Internet n’est pas une entité physique clairement définie, donc nous ne pouvons pas simplement prendre un wattmètre et voir ce qu’il indique. En outre, nous devons réfléchir non seulement à ce qu’il faut pour maintenir les appareils Internet sous tension, mais aussi à ce qu’il faut pour les maintenir en état de marche. Le matériel doit être entretenu et réparé ou remplacé en cas de panne. Tout cela demande de l’énergie.

Je suis en train de taper ceci sur un ordinateur de bureau, qui utilise une alimentation de 1000W pour alimenter la connexion ethernet (et tout le reste, bien sûr). Cette connexion passe par un point d’accès, qui est alimenté par un commutateur relié au câble de fibre optique utilisé par le fournisseur d’accès à Internet (FAI). Ensuite, on s’aventure dans un monde complexe de routeurs et de serveurs (plus les connexions de données mobiles).

Toutes les étapes de ce processus puise de l’énergie, et même la puissance de l’ordinateur est principalement consacrée à l’utilisation du Web – surtout en ce moment, puisque j’utilise Google Docs. Faut-il considérer tout cela comme de l’énergie que le web consomme ? Sans cela, je n’utiliserais pas Internet, donc je ne pense pas que nous puissions l’ignorer.

Études existantes

Vous n’avez pas besoin de faire preuve d’originalité, au moment de répondre à la question “Combien d’énergie le Web consomme-t-il ?” ll est en réalité plus logique de se pencher sur les études existantes. Voyons donc ce qui existe.

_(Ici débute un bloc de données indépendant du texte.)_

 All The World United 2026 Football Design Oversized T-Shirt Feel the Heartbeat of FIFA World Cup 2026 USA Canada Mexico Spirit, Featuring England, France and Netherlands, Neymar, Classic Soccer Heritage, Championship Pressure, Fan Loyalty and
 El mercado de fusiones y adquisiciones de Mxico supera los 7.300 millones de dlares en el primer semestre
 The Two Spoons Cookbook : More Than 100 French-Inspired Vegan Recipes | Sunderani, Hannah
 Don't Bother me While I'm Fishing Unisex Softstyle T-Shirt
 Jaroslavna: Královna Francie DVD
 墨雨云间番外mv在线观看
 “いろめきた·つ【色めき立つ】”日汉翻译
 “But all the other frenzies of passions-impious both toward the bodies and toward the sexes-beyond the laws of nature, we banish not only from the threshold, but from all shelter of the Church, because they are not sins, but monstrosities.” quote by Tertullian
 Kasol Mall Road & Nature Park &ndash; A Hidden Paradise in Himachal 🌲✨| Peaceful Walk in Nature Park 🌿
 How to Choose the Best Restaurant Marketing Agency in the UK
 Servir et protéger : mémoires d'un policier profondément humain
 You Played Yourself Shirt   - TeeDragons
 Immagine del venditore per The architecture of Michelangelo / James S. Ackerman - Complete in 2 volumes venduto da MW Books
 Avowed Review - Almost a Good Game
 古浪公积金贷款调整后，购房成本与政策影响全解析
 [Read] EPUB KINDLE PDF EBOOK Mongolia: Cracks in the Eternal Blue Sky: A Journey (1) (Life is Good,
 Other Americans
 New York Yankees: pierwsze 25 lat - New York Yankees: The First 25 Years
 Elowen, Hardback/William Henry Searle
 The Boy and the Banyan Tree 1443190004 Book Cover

Que pensez-vous de cette étude du KTH Royal Institute of Technology en Suède ? Elle en déduit qu’Internet représente environ 10 % de la consommation mondiale d’énergie, contre 8 % il y a deux ans. Cependant, cette étude a été publiée en 2014 – et étant donné le rythme du développement technologique, il est extrêmement difficile d’évaluer comment les choses ont évolué en cinq ans.

Nous pouvons nous pencher sur une étude de 2016 qui a été actualisée entre temps, réalisée par Anders Andrae, chercheur à Huawei, dans laquelle il a déterminé que l’industrie des TIC représentait 3 à 5% des dépenses mondiales en énergie en 2015, mais pourrait atteindre 20% d’ici 2025. Ce dernier chiffre est certainement alarmant et ne semble pas impossible.

Mais qu’en est-il de la disparité entre ces études ? 8% en 2012, 10% en 2014, 3-5% en 2015 ? Ce que cela montre clairement, c’est qu’il n’y a pas de méthodologie claire pour répondre à la question titulaire. Pour y répondre définitivement, il nous faudrait nous mettre d’accord sur ce qui compte, ce qui ne compte pas et de quelle manière les mesures doivent être effectuées – cependant, l’infrastructure se renouvelle tellement rapidement, que tout ce que vous mesurerez changerait avant même d’avoir terminé de le mesurer!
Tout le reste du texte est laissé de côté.